| Extracted records |
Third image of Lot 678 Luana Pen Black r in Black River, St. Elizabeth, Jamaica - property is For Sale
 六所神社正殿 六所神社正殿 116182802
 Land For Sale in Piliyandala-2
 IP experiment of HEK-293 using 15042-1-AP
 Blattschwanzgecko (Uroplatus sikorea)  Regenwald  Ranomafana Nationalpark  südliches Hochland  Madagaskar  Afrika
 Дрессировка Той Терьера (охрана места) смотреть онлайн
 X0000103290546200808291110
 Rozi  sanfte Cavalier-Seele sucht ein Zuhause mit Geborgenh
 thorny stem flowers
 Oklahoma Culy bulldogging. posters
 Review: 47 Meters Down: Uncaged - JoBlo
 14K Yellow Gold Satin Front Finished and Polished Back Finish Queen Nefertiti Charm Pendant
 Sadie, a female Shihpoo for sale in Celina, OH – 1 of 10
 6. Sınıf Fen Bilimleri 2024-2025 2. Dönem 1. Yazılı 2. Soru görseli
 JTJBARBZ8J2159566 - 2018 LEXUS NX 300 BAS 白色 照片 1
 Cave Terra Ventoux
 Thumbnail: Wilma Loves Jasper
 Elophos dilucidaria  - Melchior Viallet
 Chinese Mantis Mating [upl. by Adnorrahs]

| Problem description |
Give back exactly the lines from the line containing "JTJBARBZ8J2159566 - 2018" to the end of the entries, and no other lines.

| Response area |
 JTJBARBZ8J2159566 - 2018 LEXUS NX 300 BAS 白色 照片 1
 Cave Terra Ventoux
 Thumbnail: Wilma Loves Jasper
 Elophos dilucidaria  - Melchior Viallet
 Chinese Mantis Mating [upl. by Adnorrahs]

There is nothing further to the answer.